- [What this task involves]:
Write out exactly, and only, the lines below from the line with "3 In 1 Portable" through the line with "2 Trägershirts H&M"; pictures do not belong in the copy.

- [Records provided]:
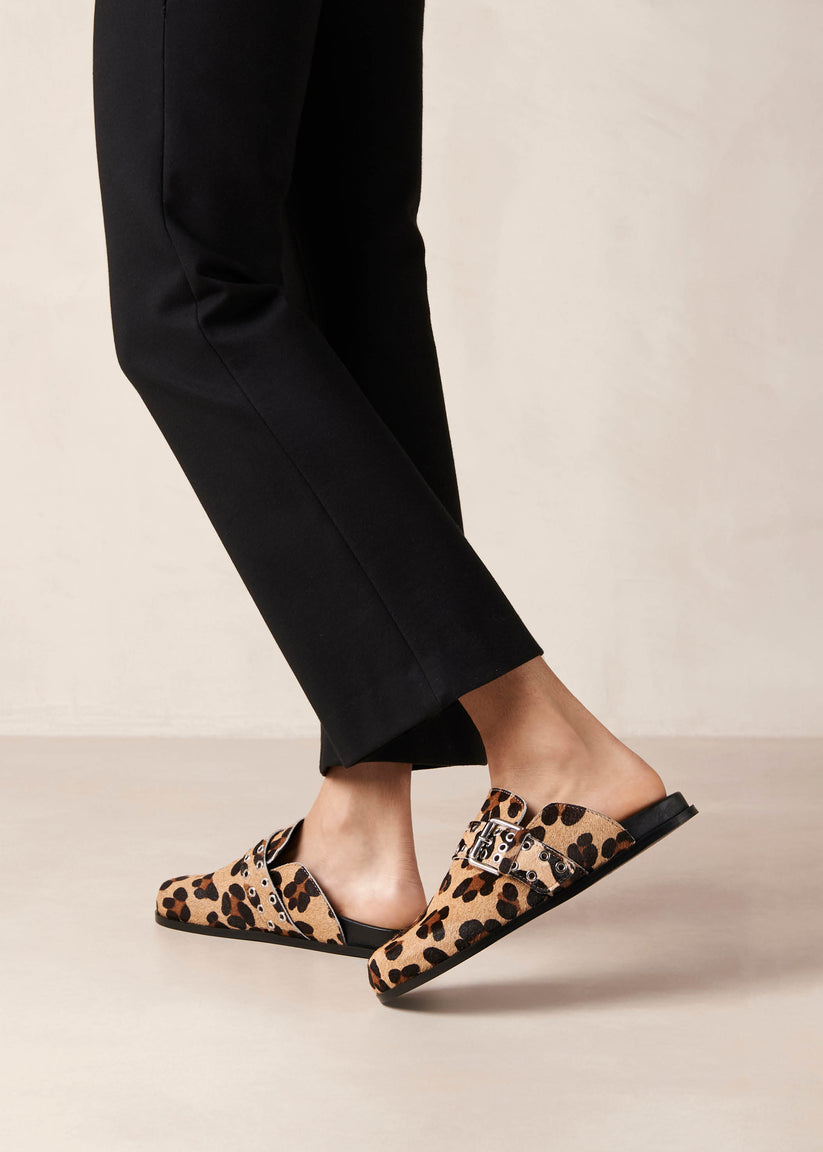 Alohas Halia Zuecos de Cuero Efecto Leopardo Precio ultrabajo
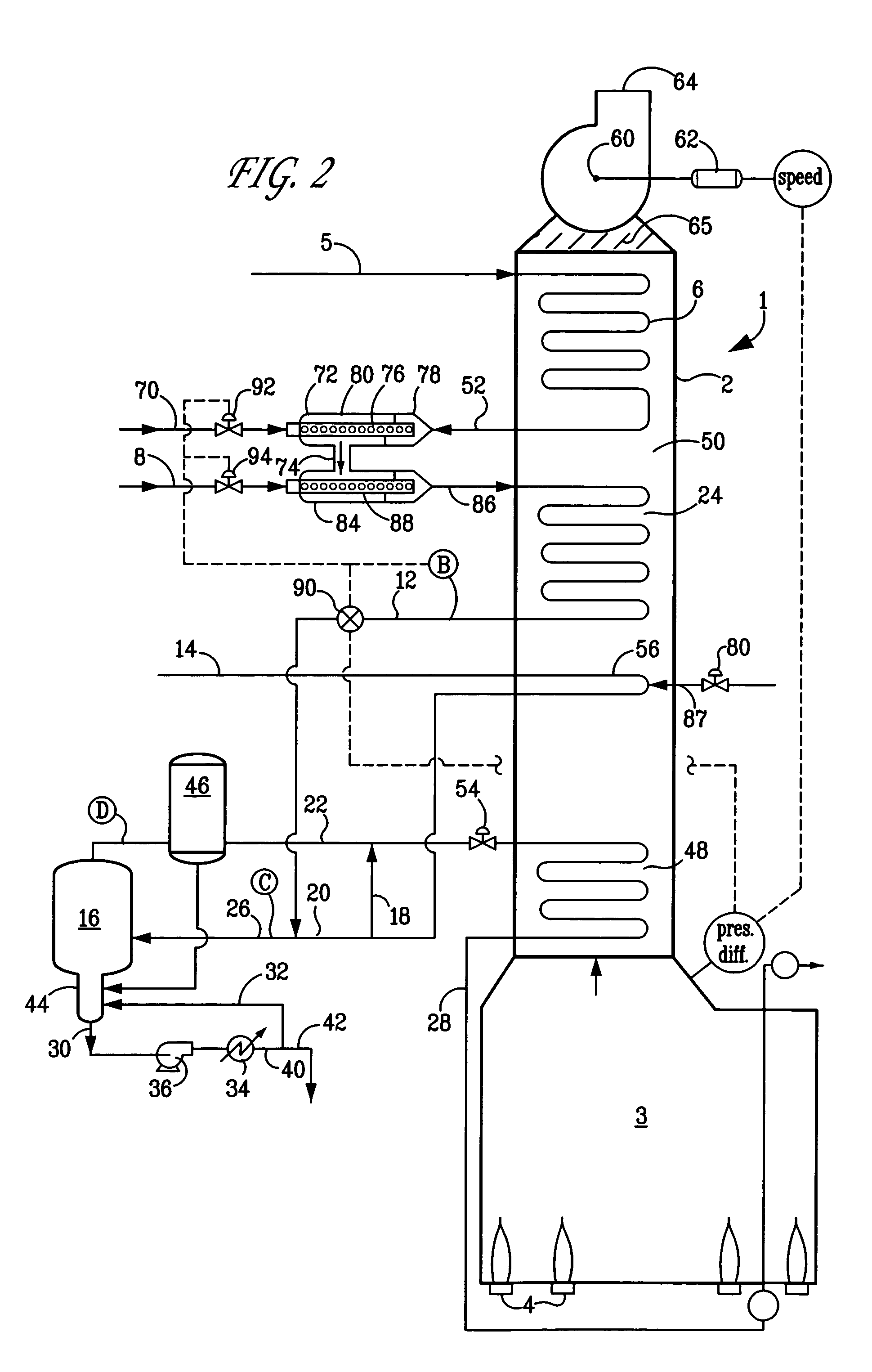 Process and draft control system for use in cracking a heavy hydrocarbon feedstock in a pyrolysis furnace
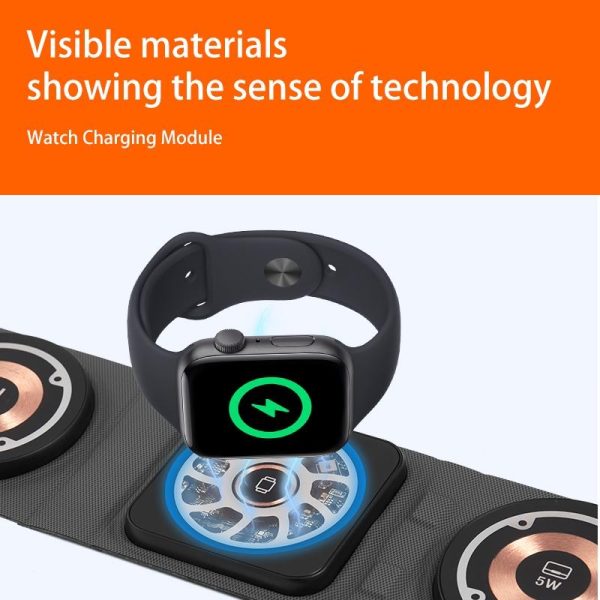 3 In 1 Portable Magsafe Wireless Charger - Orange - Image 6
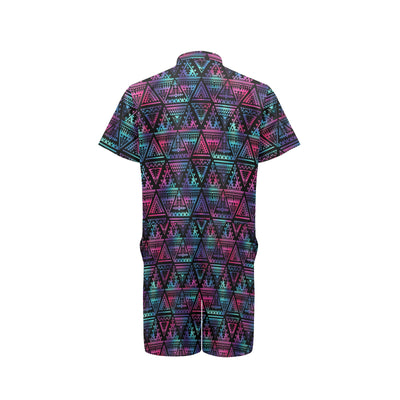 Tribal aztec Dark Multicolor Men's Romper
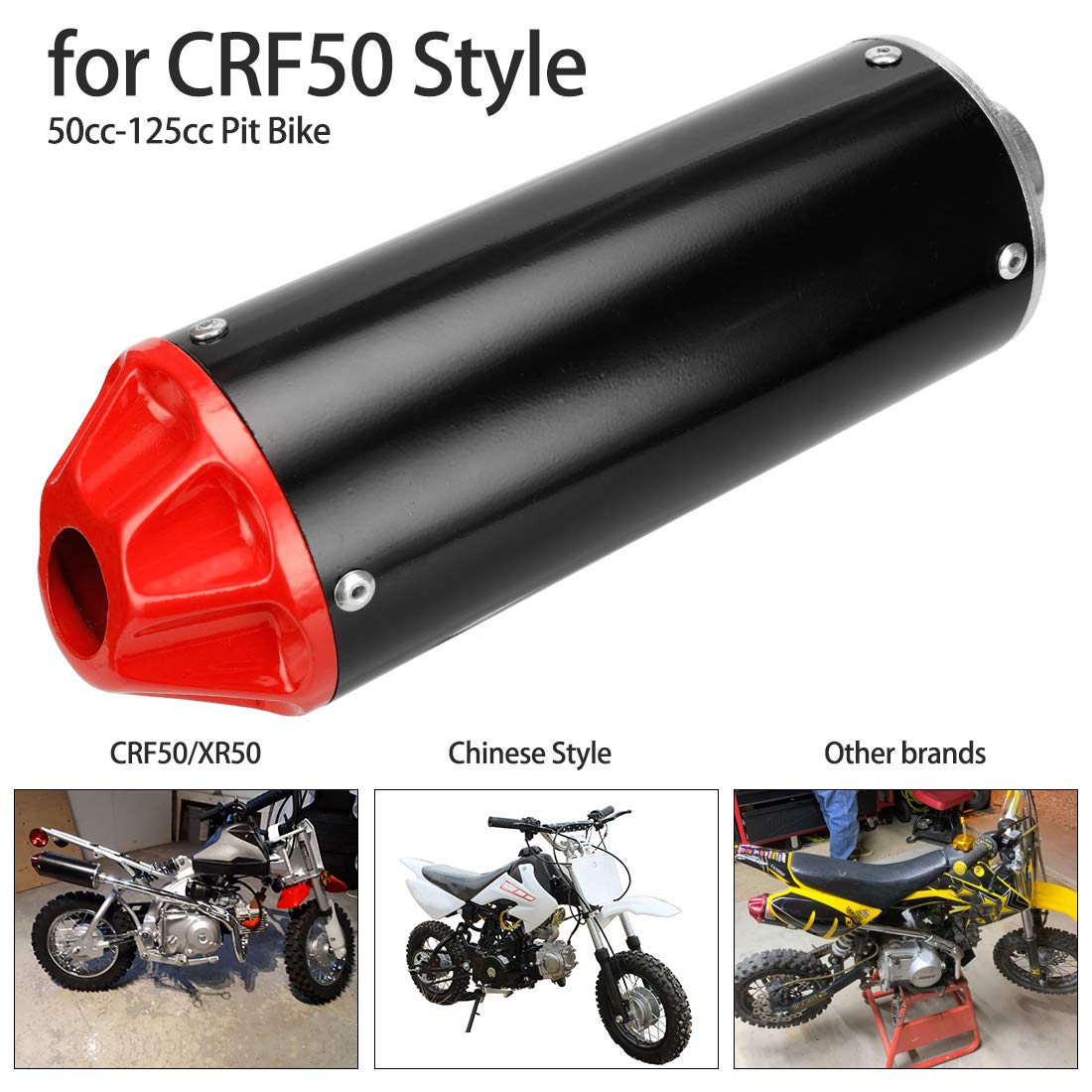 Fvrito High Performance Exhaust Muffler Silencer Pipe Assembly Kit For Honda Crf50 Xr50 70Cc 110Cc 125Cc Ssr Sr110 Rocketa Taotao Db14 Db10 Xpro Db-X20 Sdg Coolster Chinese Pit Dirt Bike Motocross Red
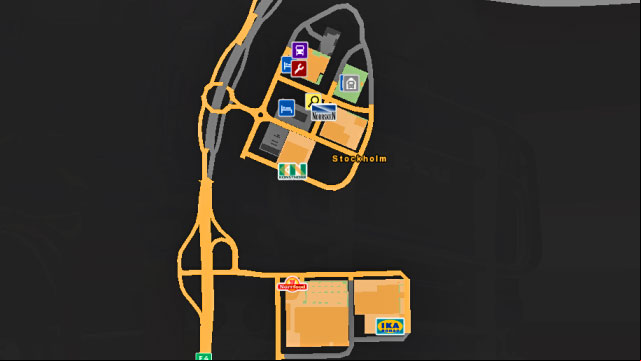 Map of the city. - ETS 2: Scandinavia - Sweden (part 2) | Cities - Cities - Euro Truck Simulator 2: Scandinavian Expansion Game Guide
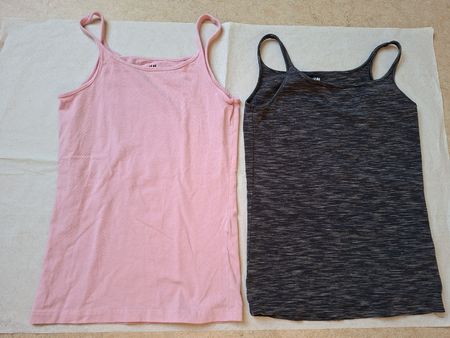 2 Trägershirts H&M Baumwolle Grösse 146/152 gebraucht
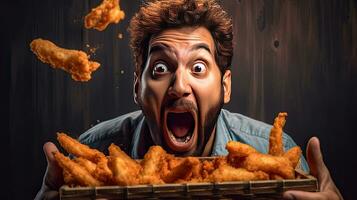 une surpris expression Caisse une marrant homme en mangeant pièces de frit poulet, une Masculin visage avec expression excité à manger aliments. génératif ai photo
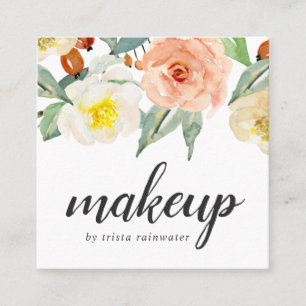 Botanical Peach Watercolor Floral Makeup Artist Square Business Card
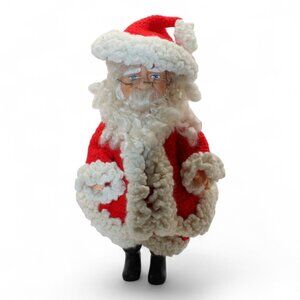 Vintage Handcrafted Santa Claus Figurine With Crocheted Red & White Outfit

- [Task response]:
 3 In 1 Portable Magsafe Wireless Charger - Orange - Image 6
 Tribal aztec Dark Multicolor Men's Romper
 Fvrito High Performance Exhaust Muffler Silencer Pipe Assembly Kit For Honda Crf50 Xr50 70Cc 110Cc 125Cc Ssr Sr110 Rocketa Taotao Db14 Db10 Xpro Db-X20 Sdg Coolster Chinese Pit Dirt Bike Motocross Red
 Map of the city. - ETS 2: Scandinavia - Sweden (part 2) | Cities - Cities - Euro Truck Simulator 2: Scandinavian Expansion Game Guide
 2 Trägershirts H&M Baumwolle Grösse 146/152 gebraucht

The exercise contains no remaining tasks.